La lampe rouge se mit à nouveau en branle.
L'homme pris sa "raquette" - une espèce d'appareil manuel qui permettait de cartographier toutes les parties du corps humain sans jamais le toucher et d'y détecter la présence éventuelle d'objets métalliques -. Une sirène stridente s'amorça.
- «Je suis désolé, je vais vous demander de nous suivre!» dicta le gardien que deux de ses collègues avaient rejoint aussitôt.
- «Permettez que je récupère mon bagage à main, je vais tout vous expliquer de A à Z monsieur l'agent» dit cordialement Ange.
A l'arrière, Terry paniquait, il ne savait plus que faire pour échapper à cette situation désastreuse et résoudre ce malentendu. Avec succès, il passa le portail.
Ange disparut dans une petite pièce adjacente, une dame en uniforme y apporta le bagage à main réclamé et Terry la suivit jusqu'à la porte du local de sécurité où un vigile de faction le pria d'attendre.
Tout alla très vite. Ange ressortit moins d'une minute plus tard de la loge.
- «Veuillez accepter nos excuses mademoiselle» lança le responsable confus.
- «Il n'y a pas de mal, vous faites votre travail» rétorqua Ange. Cette fois, ce fut elle qui entraîna Terry par la main, avant même qu'il eut le temps de poser la moindre question. Ils se mirent à courir. - «Moins de dix minutes mon cœur, il faut nous dépêcher» souffla-t-elle.
- «Mademoiselle Watts!?!» une voix s'éleva derrière eux.
Ils s'arrêtèrent net.
- «Mademoiselle Watts, votre dossier médical!» une grosse dame essoufflée tendit l'enveloppe à Ange.
- «Sans vos attestations, vous risquez d'autres problèmes à l'atterrissage» expira péniblement la femme.
- «Oups, pardon, je vous remercie» et Ange entraîna de nouveau Terry à toute vitesse vers la porte d'embarquement, prenant soin simultanément de remiser le dossier dans son sac. Les haut-parleurs lancèrent le denier appel aux passagers.
Ils franchirent sans encombre le contrôle des billets, suivirent le labyrinthe des passerelles et, une fous que l'hôtesse leur eut indiqué leurs places, ils purent s'installer dans l'avion.
Moins d'une minute plus tard, les portes furent refermées.
- «Pas trop nerveuse?» s'inquiéta Terry.
- «Cela ira t'inquiète, le plus dur est passé» Ange se leva pour enfermer son bagage à mains dans la soute prévue à cet effet.
Cette enveloppe ... celle-là ou une autre, Terry en avait vue une récemment, mais où était-ce déjà?

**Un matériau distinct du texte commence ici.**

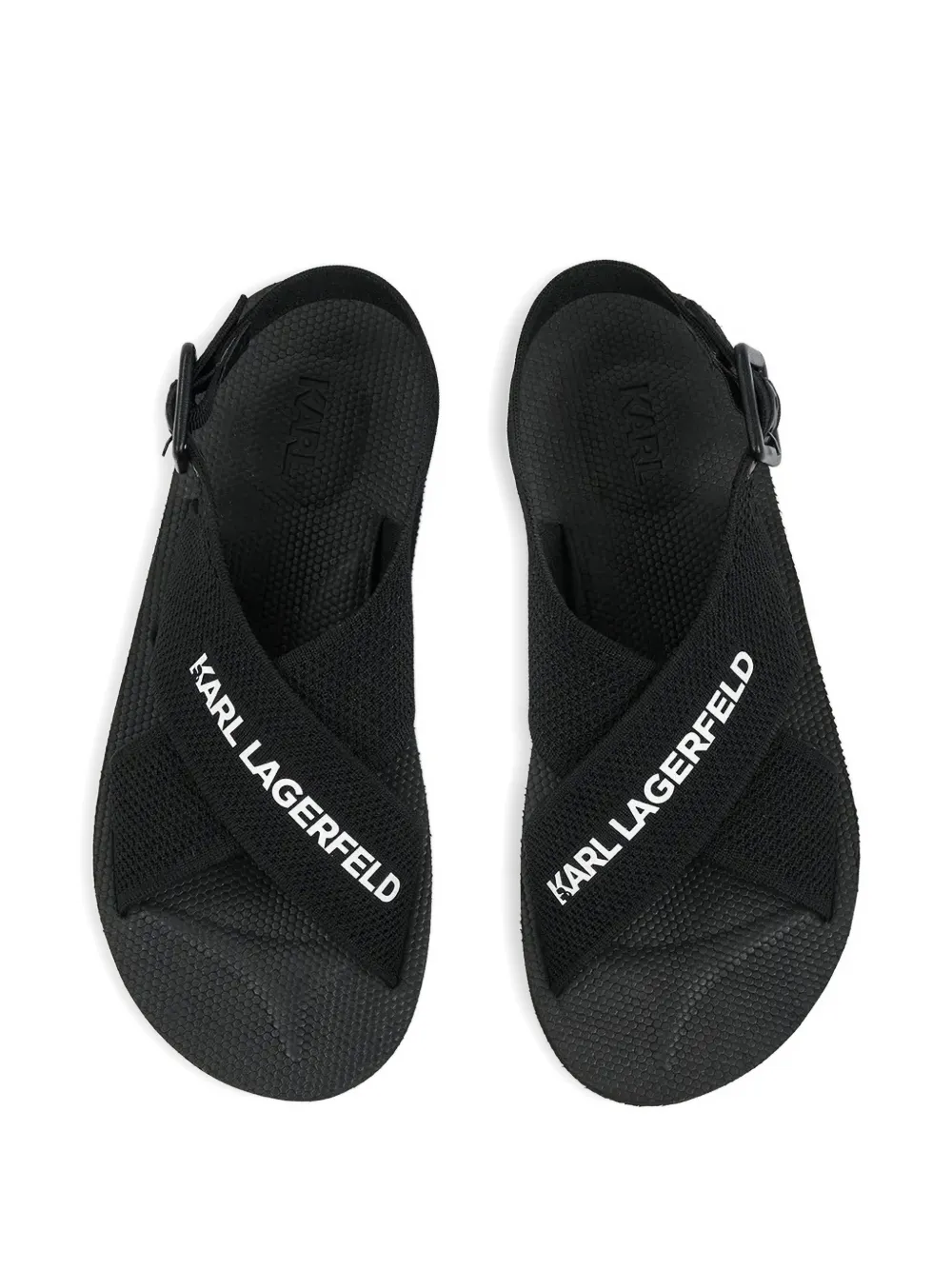 Karl Lagerfeld crossover-strap buckle-fastening sandals Zwart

Une étrange sensation de "déjà vu" le fit sourciller.
L'avion décolla.
- «Qu'est-ce que c'est que ce dossier médical que tu trimbales avec toi?» lâcha l'homme finalement.
- «Mes radios»
- «Tes radios?»
- «Mes radiographies, celles de mon accident. Un accident de la circulation, bénin tout compte fait. Le tibia, le coude et la tempe. On m'a recollée avec des briches et des plaques. Alors, tu comprends, pour passer le sas de détection d'un aéroport, je dois montrer patte blanche et donc toujours exhiber mon dossier médical!».
C'était donc ça! Tout bête. Suffisait d'y penser. Terry embrassa Ange en guise d'excuse, ce faisant, il l'ausculta du regard. Aucune trace ...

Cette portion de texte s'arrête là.